NRR is a SaaS metric used to measure the percentage of a company's recurring revenue that is retained from existing customers over a period of time.
Understanding Net Revenue Retention Rate (NRR) and Gross Revenue Retention (GRR), also known as Net Dollar Retention (NDR) and Gross Dollar Retention (GDR), is essential for subscription revenue companies and their investors. It provides valuable insight into a company's financial health and can inform decisions about how to approach future investments and product changes.
Gross revenue retention is a SaaS metric used to measure the percentage of a company's recurring revenue that is retained from existing customers over a defined period of time. NRR takes into account downgrades, and churned customers. Essentially, GRR measures a company's ability to retain its current customer base.
The GRR formula is: (MRR at the beginning of the period - downgraded MRR - churned MRR) / MRR at the beginning of the period. It is just as accurate to use ARR instead of MRR for the GRR formula.

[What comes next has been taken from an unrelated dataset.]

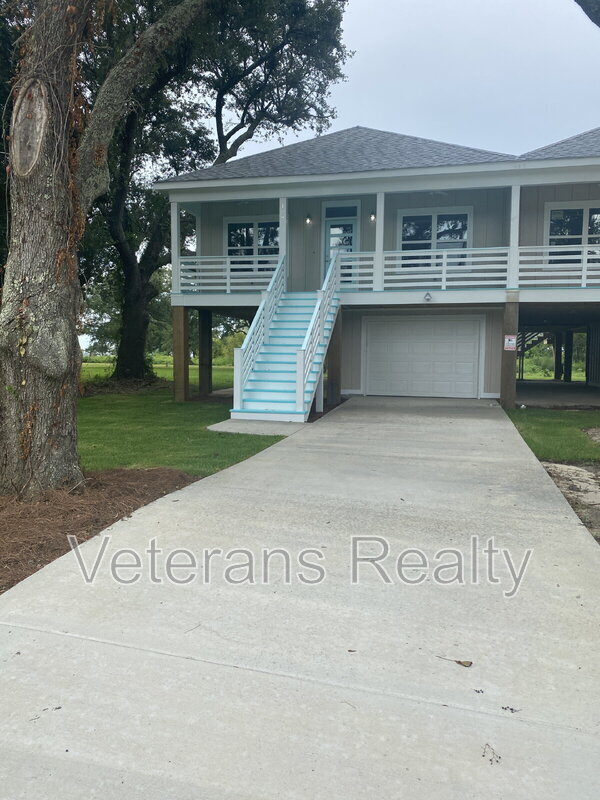 Photo - 127 E 5th St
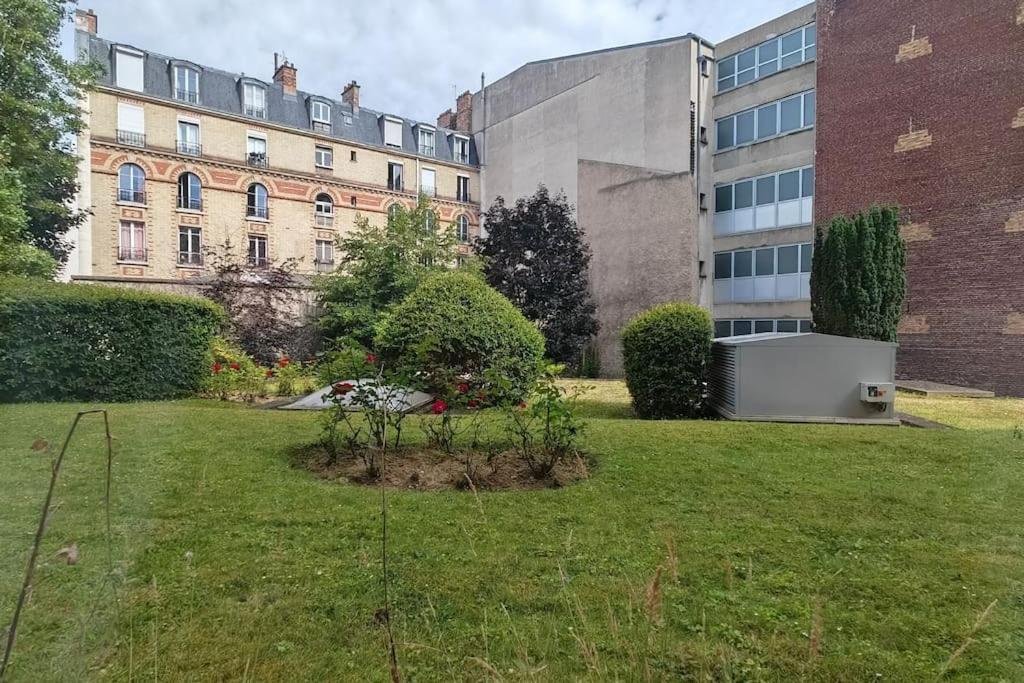 T2 Meuble 1 Er Etage Dans Un Quartier Calme A 17 Apartamento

The result of this formula is expressed as a percentage.
Net revenue retention is a SaaS metric used to measure the percentage of a company's recurring revenue that is retained from existing customers over a defined period of time. NRR takes into account upgrades, downgrades, and churned customers.
The NRR formula is: (MRR at start of period + upgrades MRR – churned MRR – downgraded MRR) / MRR at the beginning of the period) * 100%. The result of this formula is expressed as a percentage.
GRR and NRR provides a snapshot of a company’s efficiency to retain its revenue and can provide insight into whether or not a company’s product is truly valued by its customers.
A high NRR or GRR implies reliable and scalable growth due to customers being content. On the other hand, a low NRR puts a company at risk of stagnation due to churned and downgraded MRR or ARR exceeding their retained/upgraded MRR or ARR.
An NRR of ~100% is average and signifies that your product is satisfying the needs of your customers, but that your current customer base isn’t growing organically on its own. A company with an NRR of less than 100% needs to add new customers if it hopes to grow overall revenue. Best-in-class NRR results exceed 110%-120% depending on the avg customer size (enterprise software companies typically have higher NRR scores than consumer software companies). Some notable companies such as Snowflake and Twilio, who have usage-based or metric-based revenue models, have recently boasted of NRR results that exceed 150%.
GRR is a slightly less popular metric, but average scores for venture-backed companies hover around 90%.